__Records provided__
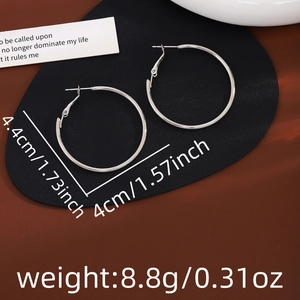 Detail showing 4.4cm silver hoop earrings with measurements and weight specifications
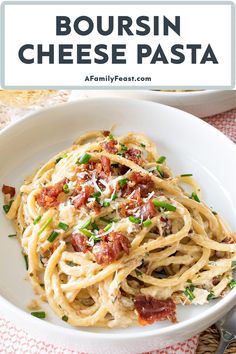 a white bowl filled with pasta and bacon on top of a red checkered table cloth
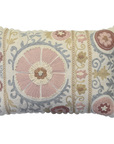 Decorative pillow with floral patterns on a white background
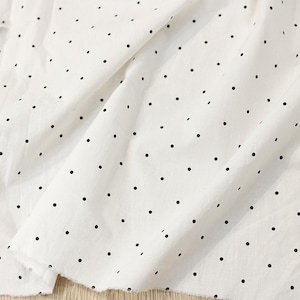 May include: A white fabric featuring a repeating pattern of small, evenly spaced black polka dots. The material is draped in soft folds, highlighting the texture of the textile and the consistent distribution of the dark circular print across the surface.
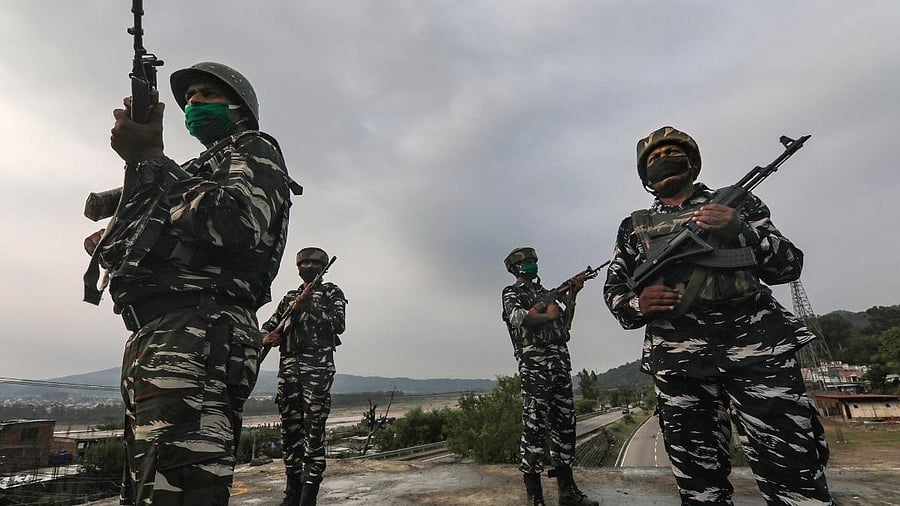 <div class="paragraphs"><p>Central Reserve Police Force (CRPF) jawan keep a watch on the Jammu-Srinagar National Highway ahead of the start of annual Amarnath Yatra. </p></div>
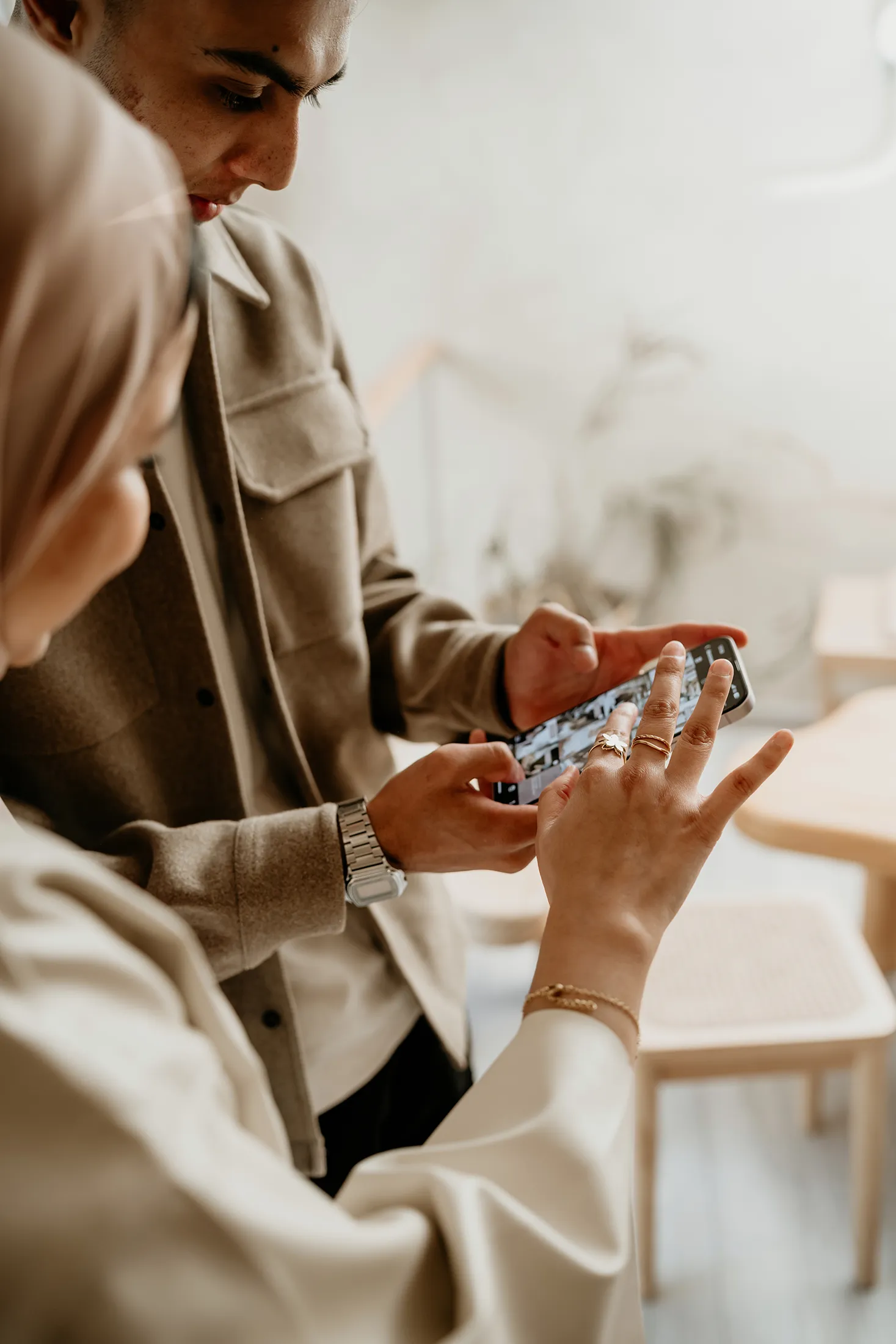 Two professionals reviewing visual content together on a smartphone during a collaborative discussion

---

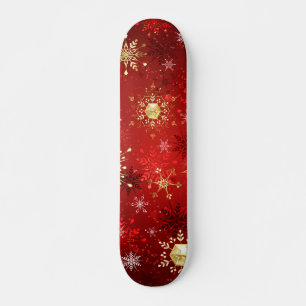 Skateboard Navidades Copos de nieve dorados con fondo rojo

__The task__
Output exactly the lines above, from the line with "Detail showing 4.4cm" to the line with "Decorative pillow with", both included; skip the pictures.

__Result__
 Detail showing 4.4cm silver hoop earrings with measurements and weight specifications
 a white bowl filled with pasta and bacon on top of a red checkered table cloth
 Decorative pillow with floral patterns on a white background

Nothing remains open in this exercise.